The doctors’ union is facing fresh criticism after refusing to meet MPs and disabled activists to discuss continuing concerns over the government’s “fitness for work” test.
The Labour MP John McDonnell had asked the British Medical Association (BMA) to meet MPs and campaigners from the user-led grassroots groups Black Triangle and Disabled People Against Cuts (DPAC) to discuss the operation of the work capability assessment (WCA).
He said there was “continuing disquiet” about the WCA – which tests eligibility for the out-of-work disability benefit employment and support allowance (ESA) – from doctors as well as many disabled people who have been assessed, and “mounting demand” for it to be replaced with a “new, fairer system”.
But the BMA has refused the offer, telling McDonnell that “as this is not an area that we have done much work on recently, we will not be taking you up on your offer at this time”.

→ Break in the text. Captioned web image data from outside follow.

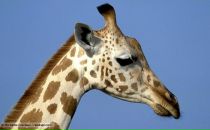 Ольга Меніович фотография #6 (источник - https://vk.com/id616095)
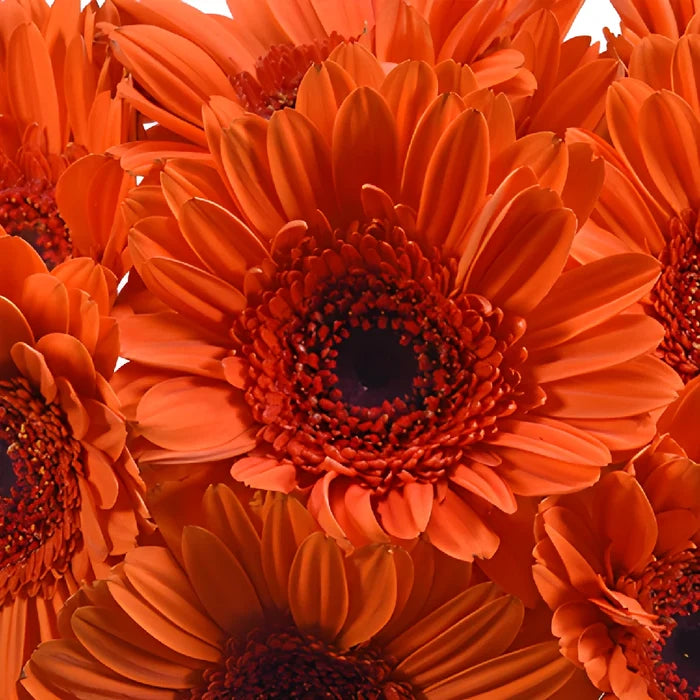 Gerbera Daisy Ultima Dark Orange Wholesale Flower Blooms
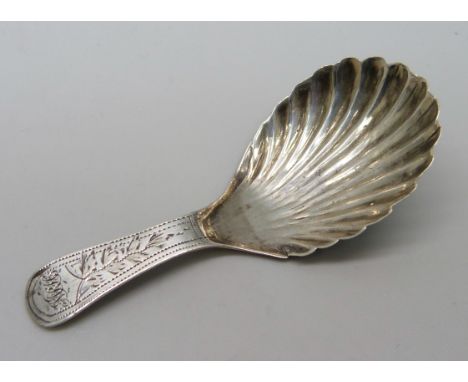 A silver shell bowl caddy spoon, London 1802, marker I.P. 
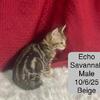 TICA Registered Savannah Kittens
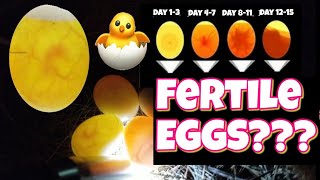 How to check if an egg is fertile and development stages egg candling [upl. by Imoian]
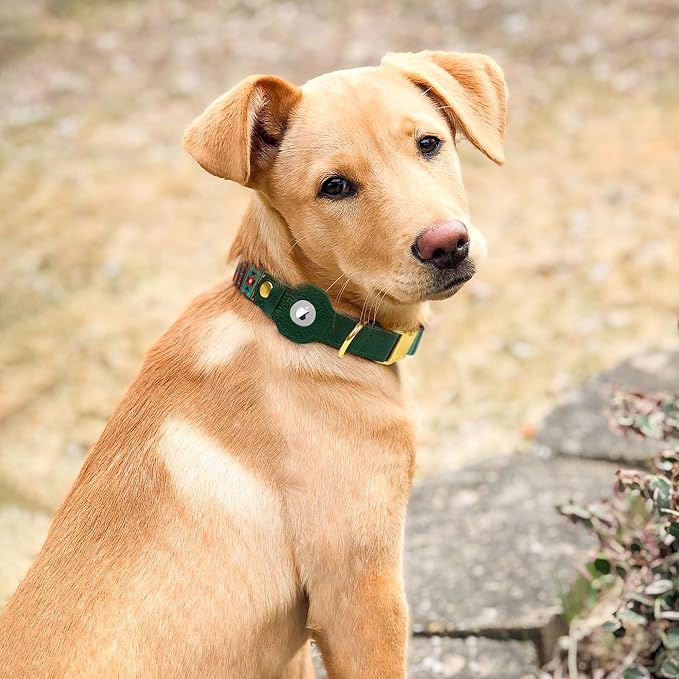 AirTag Dog Collar for Small Medium Large Breed - Adjustable Cute Pattern Dog Collar with Airtag Holder - Soft Leather Tracker GPS Apple Air Tag Pet Collars (Large, 17"-21" Neck Fit, Tribal)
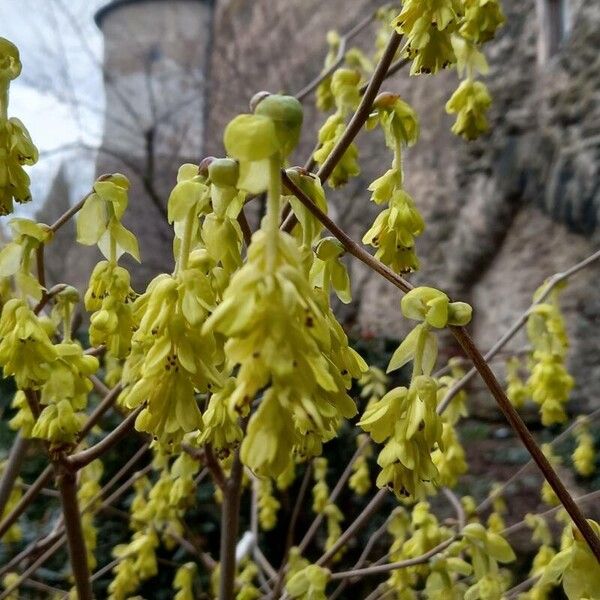 Corylopsis spicata Blomst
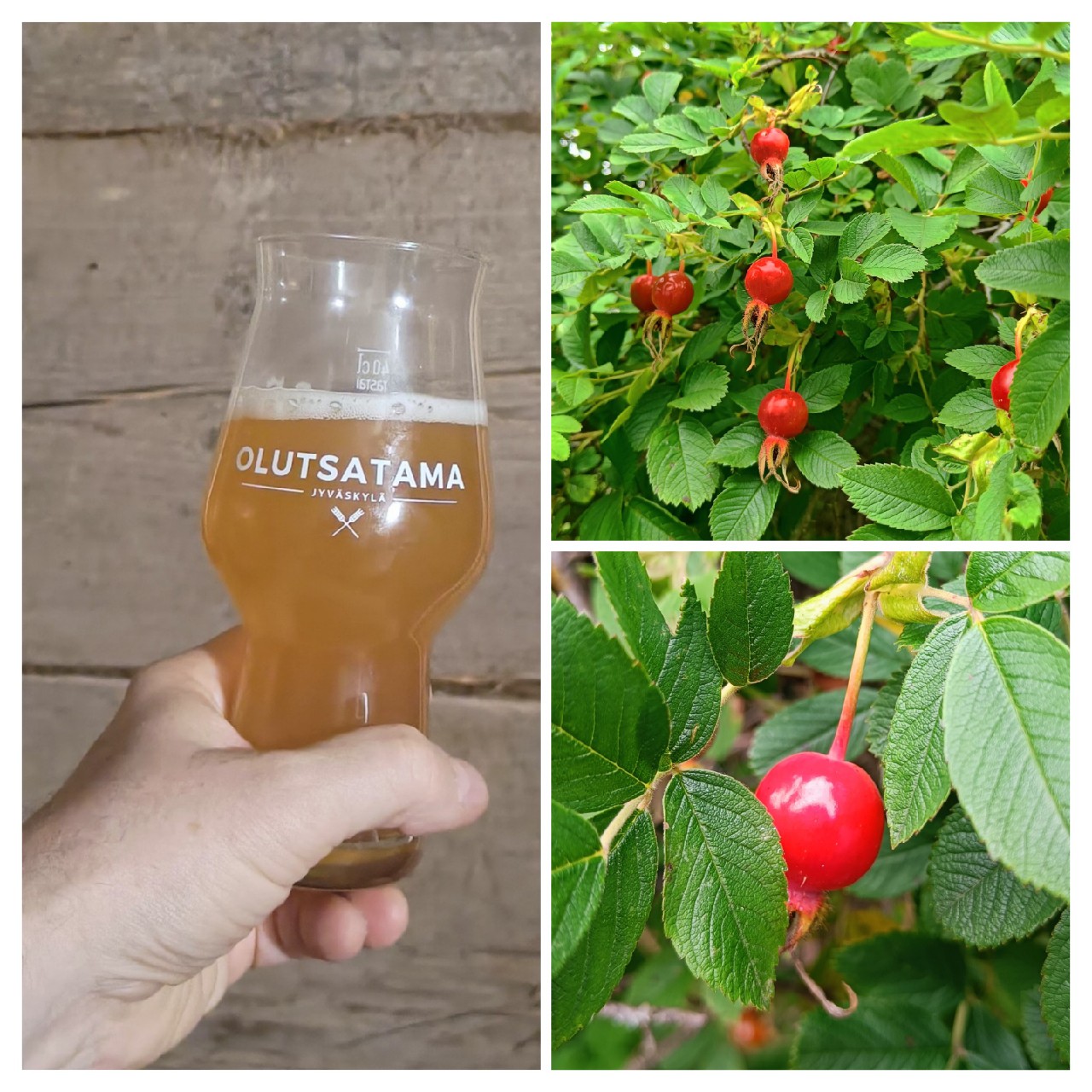 Small Beer: Rosehip, Finland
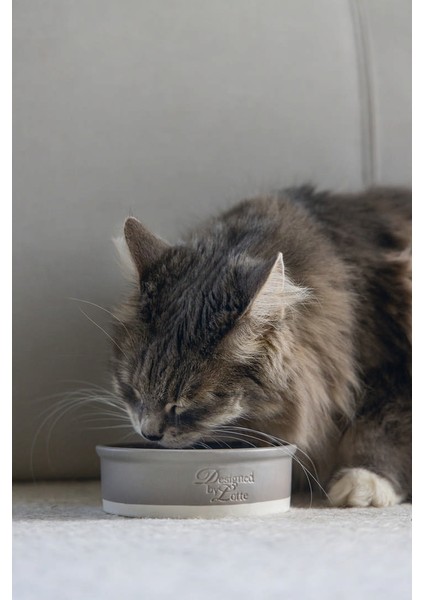 Dbl Kedi Mama Su Kabı, Seramik, Mat Gri, 12CM, 300ML Yktsn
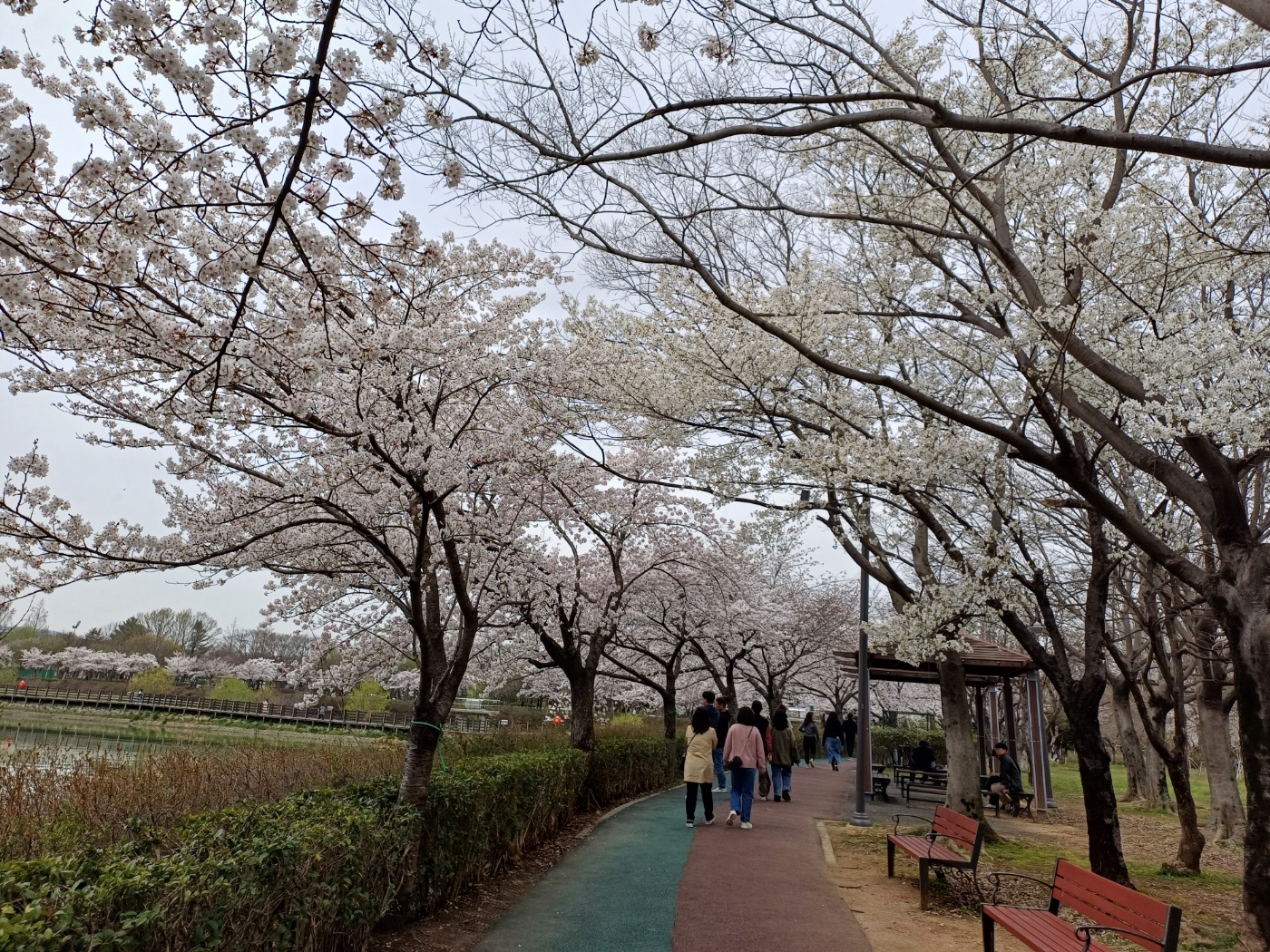 함평 벚꽃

Black Triangle has been trying to persuade the BMA to tell every GP in the country about the existence of two ESA regulations that they believe prevent avoidable deaths connected with the WCA.
The regulations state that a claimant should not be found fit for work (regulation 29), or placed in the ESA work-related activity group (regulation 35), if such a decision would pose “a substantial risk” to their “mental or physical health”.
Black Triangle’s campaign has been so successful that the government’s independent reviewer, Paul Litchfield, concluded last November that regulation 35 appeared to be “the main driver” for a sharp increase in the proportion of new claimants being placed in the support group, for those who do not need to carry out any work-related activity.
Litchfield said that two-thirds of decisions made under regulation 35 were reached without a face-to-face assessment.
The latest ESA figures, published this week, show the proportion of completed assessments in which the claimant was placed in the support group rose from 12 per cent to 65 per cent between the first quarter of 2010-11 and the second quarter of 2014-15.
The assessment has caused mounting anger among activists and disabled benefit claimants since its introduction in 2008, because of links with relapses, episodes of self-harm, and even suicides and other deaths, among those who have been assessed.
Black Triangle is now hoping for a meeting with Scotland’s first minister, the SNP’s Nicola Sturgeon, for help in pushing the BMA to take action.
A letter to Sturgeon, from John McArdle (pictured), co-founder of Black Triangle, and Dr Stephen Carty, the campaign’s medical adviser, says the BMA’s refusal to act was “completely unacceptable” and “amounts to negligence”.
They add: “The obstacle we face is that after intensive lobbying of the BMA leadership for the regulations to be made known to all 55,000 UK GPs… it remains the case that the vast majority of GPs are unaware that there is a simple and devastatingly efficacious way that they can flag up a substantial risk of harm to the DWP and prevent catastrophic harm to their patients.”
Doctors at the BMA’s annual representative meeting in 2012 were almost unanimous in voting for the organisation to “demand” that the WCA should end completely.
The BMA was subsequently heavily criticised for failing to do anything “meaningful” to push for the WCA to be scrapped.
The BMA has so far failed to comment on why it refused McDonnell’s request for a meeting.